*** Begin section ***

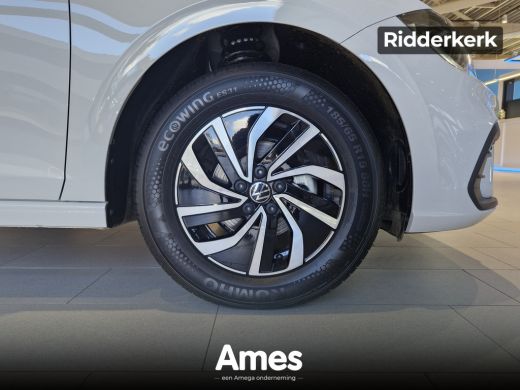 Volkswagen Polo Life Edition 1.0 TSI 95 PK ActivLease financial lease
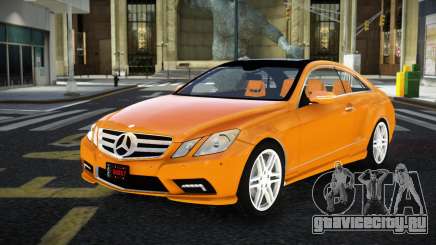 Mercedes-Benz E500 Tanur для GTA 4
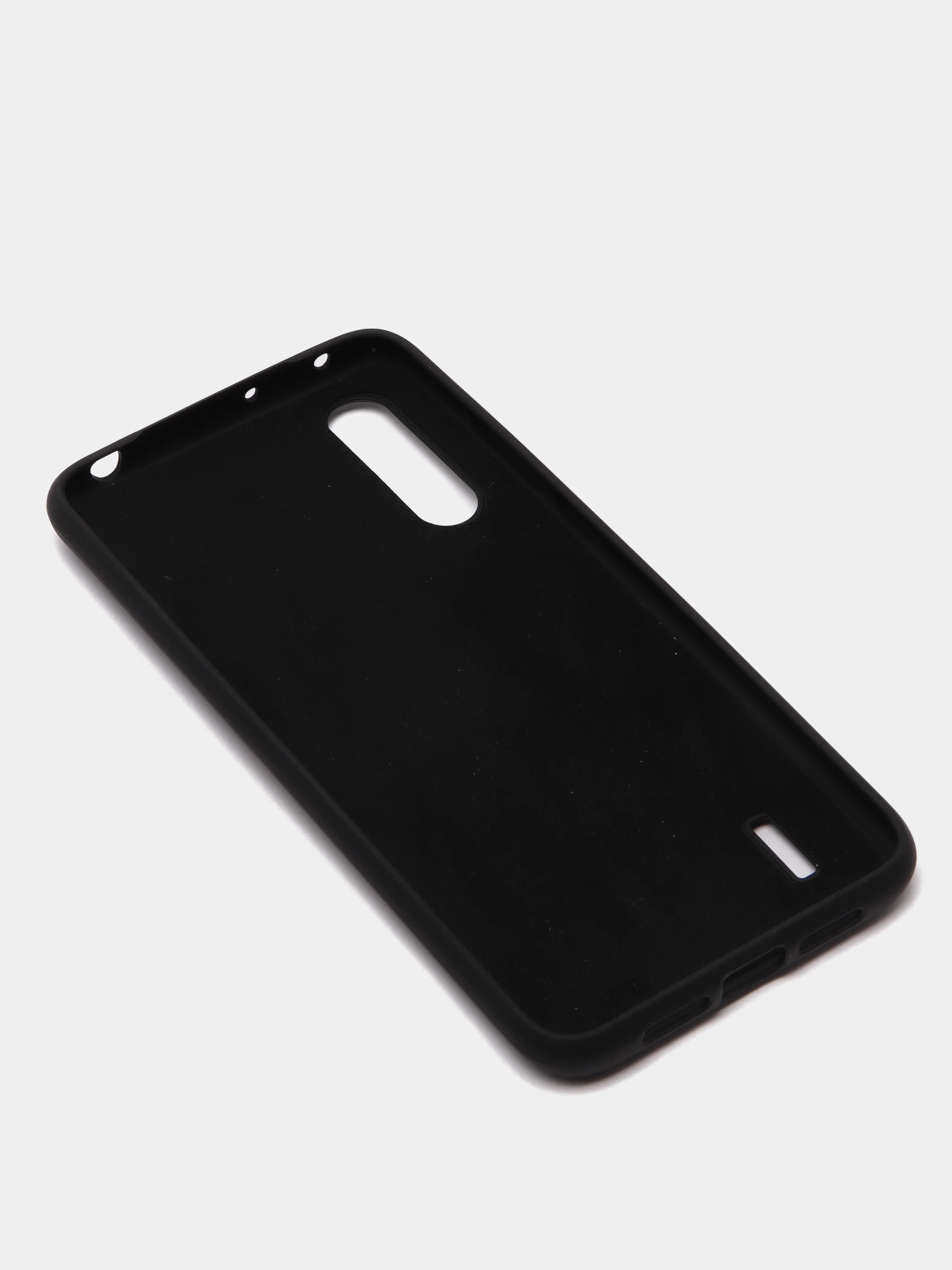 Хром чехол XIAOMI REDMI MI 9 LITE / MI A3 LITE с бархатом внутри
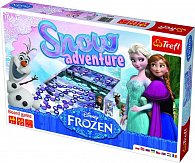 Hra: Frozen - Ledové dobrodružství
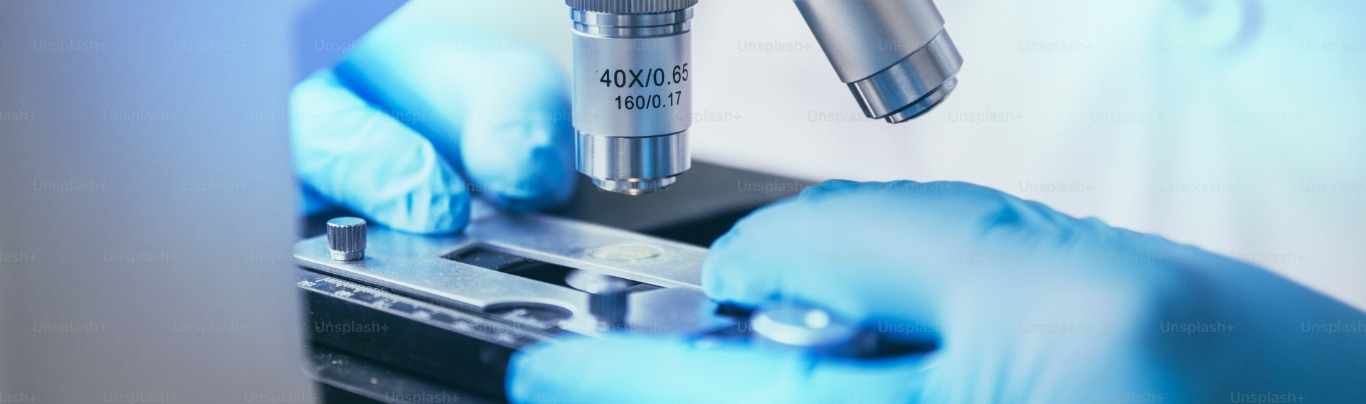 Curso Prático de Microscopia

*** End section ***

*EXERCISE GOAL*. Every line from the one with "Mercedes-Benz E500 Tanur для GTA 4" through the last line of the data must be copied exactly. Leave the pictures out.

*EXERCISE RESPONSE*.
 Mercedes-Benz E500 Tanur для GTA 4
 Хром чехол XIAOMI REDMI MI 9 LITE / MI A3 LITE с бархатом внутри
 Hra: Frozen - Ledové dobrodružství
 Curso Prático de Microscopia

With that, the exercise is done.